Reed Lattin is a Phoenix, Arizona short sale expert who specializes in helping homeowners. If you owe more than your home is worth and need to sell, contact Reed at 602-762-1270 or visit Reed’s phoenix short sale webpage
The main stream media continues to be rich with stories about the struggling real estate market, here in the Sacramento area as well as across the country. They generally revolve around the increasing number of foreclosures, the mortgage crisis and now some of the government programs that may or may not be any help. What I am not seeing is any mention of short sales. In June 2007 I published, “Short Sales: Road to Riches?” to answer some questions I was receiving at the time on my website, www.jalone.com.
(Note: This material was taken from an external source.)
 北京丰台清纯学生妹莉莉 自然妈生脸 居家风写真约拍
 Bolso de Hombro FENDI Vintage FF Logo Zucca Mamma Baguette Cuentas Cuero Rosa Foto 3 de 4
Today, the number of short sales in the Sacramento real estate market has increased exponentially and I continue to get calls and emails asking what they are, can we do one, and are they a good way to buy a house?
What is a short sale?
A short sale is when the lender on the property will accept less than the full amount due on their loan when the property is sold. Lenders will accept a lower dollar amount to avoid the expense and time of a foreclosure. Generally a short sale occurs when the loans on a property are greater than what the property can be sold for. The short sale is an alternative for a home owner who no longer can afford to keep their mortgage payments current and desires to avoid foreclosure or even bankruptcy.
Is a short sale a way for me to sell my home?
The easy answer to this question is it depends on your individual situation? Here are the three primary criteria that would constitute eligibility to seek a short sale to avoid foreclosure.
1. The value of your home is less than what you owe. This means if you sold the house you could not get a price high enough to pay off the combined mortgages.
2. You cannot make the mortgage payments and are in default. Generally lenders will not accept a short sale offer if the payments are current.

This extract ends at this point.